Like other carmakers, Ford decided to drop the Fusion’s V6 as the headline motor in favor of smaller engines. In the six-cylinder’s place are two four-bangers from Ford’s EcoBoost line of turbocharged, direct-injected engines (along with a base, 2.5-liter Duratec engine).
The 1.6-liter EcoBoost returns 23 mpg city, 36 mpg highway, and 28 mpg combined with an automatic transmission. Those numbers rise by 1 mpg each with a manual. A 2.0-liter EcoBoost engine returns 22 mpg city, 33 mpg highway, and 26 mpg combined.
The two EcoBoost engines are offered on the Fusion SE, which starts at $23,700. Stepping up to the $27,200 Fusion Hybrid nets 47 mpg in all three categories, a number that bests all other midsize sedan hybrids and comes within spitting distance of the vaunted Toyota Prius.

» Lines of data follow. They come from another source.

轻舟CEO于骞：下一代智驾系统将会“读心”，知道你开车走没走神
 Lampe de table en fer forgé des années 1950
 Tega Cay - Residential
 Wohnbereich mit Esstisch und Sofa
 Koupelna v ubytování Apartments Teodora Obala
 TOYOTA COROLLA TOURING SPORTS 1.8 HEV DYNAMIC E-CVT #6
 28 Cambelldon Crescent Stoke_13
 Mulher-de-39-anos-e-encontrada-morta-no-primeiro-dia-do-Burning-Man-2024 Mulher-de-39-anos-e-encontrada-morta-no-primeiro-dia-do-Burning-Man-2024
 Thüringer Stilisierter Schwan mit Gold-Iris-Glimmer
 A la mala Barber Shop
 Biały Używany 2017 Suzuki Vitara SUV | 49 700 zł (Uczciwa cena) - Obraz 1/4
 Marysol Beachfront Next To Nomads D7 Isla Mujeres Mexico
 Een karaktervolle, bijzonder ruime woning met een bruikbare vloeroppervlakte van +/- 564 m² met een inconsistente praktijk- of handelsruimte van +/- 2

The Fusion Hybrid relies on a 2.0-liter four-cylinder Atkinson cycle engine and a lithium-ion battery pack, and so does the plug-in Fusion Energi. For $39,495, buyers get a larger battery pack and the ability to drive up to 20 miles on electricity alone, at speeds up to 62 mph.
Ford says the Fusion Energi will return 100 MPGe, although official numbers have not been released. The Chevrolet Volt is rated at 98 MPGe, the Toyota Prius Plug-In at 95 MPGe, and Ford’s own C-Max Energi is confirmed at 100 MPGe.
With its array of powertrains, he 2013 Fusion definitely gives buyers options, which something that has been missing from most green cars. Toyota is working to expand its Prius “family,” but customers only get one powertrain option per model, whether they’re buying a rental-grade base version or one with all the bells and whistles.
Carmakers have done the same thing with conventional fuel economy specials, bundling the most fuel efficient engine and transmission with a limited number of options.
The rest of the car world has always relied on options: whether its paint color or engine displacement, people always want to spec their car to suit their specific needs.
Green Car of the Year is chosen by a panel of environmental leaders, including Sierra Club Executive Director Micheal Brune and television host Jay Leno, along with the staff of Green Car Journal. Previous winners include the Volt, Honda Civic GX, and Volkswagen Jetta TDI.